BMPS were generated from human iPSC generated from fibroblasts using EBV-based vectors; iPSCs colonies were differentiated to generate aggregates of neuronal and glial progenitor cells on culture. Immunohistochemistry was performed on BMPS incubated with primary antibodies to surface neuronal and glial proteins, or human serum/CSF from patients with autoimmune CNS disorders and healthy controls, combined with intracellular markers of neurons and glial cells. For detection, secondary fluorescent antibodies were used.

BMPS showed expression of neuronal and glial antigens targeted in NMDA, LE encephalitis, NMO, and MOG. NR1 and LGI1 expression was observed only in neuronal cells. AQP4 and MOG expression was observed only in glial cells. Patient serum and CSF from patients suffering from NMDA (n=4) and LE (n=2) encephalitis bound to BMPS neuronal cells, while serum from patients suffering from NMO (n=2) and MOG (n=2) bound to BMPS glial cells.  Serum/CSF from healthy controls (n=10) did not bind to BMPS neuronal or glial cells.

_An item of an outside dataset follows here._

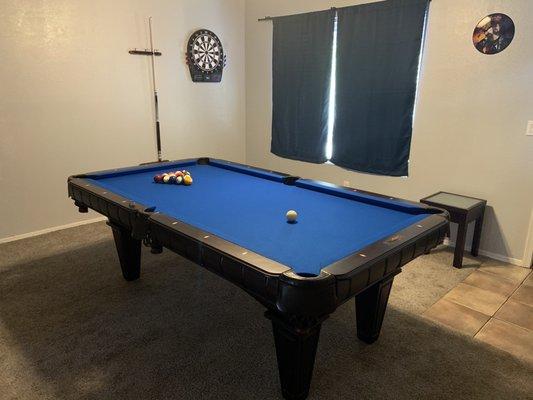 Love my new pool table, darts, and accessories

Thirteen patient’s sera/CSF with presumed autoimmune CNS disorder but sero-negative by conventional assays were screened with BMPS; eight bound to antigens present in neuronal and/or glial cells in different staining patterns. Six demonstrated extracellular binding and two intracellular binding.

Since human BMPs may express human-specific antigens that are not present on rodent cells, they could be an additional diagnostic and research tool for autoimmune CNS disorders.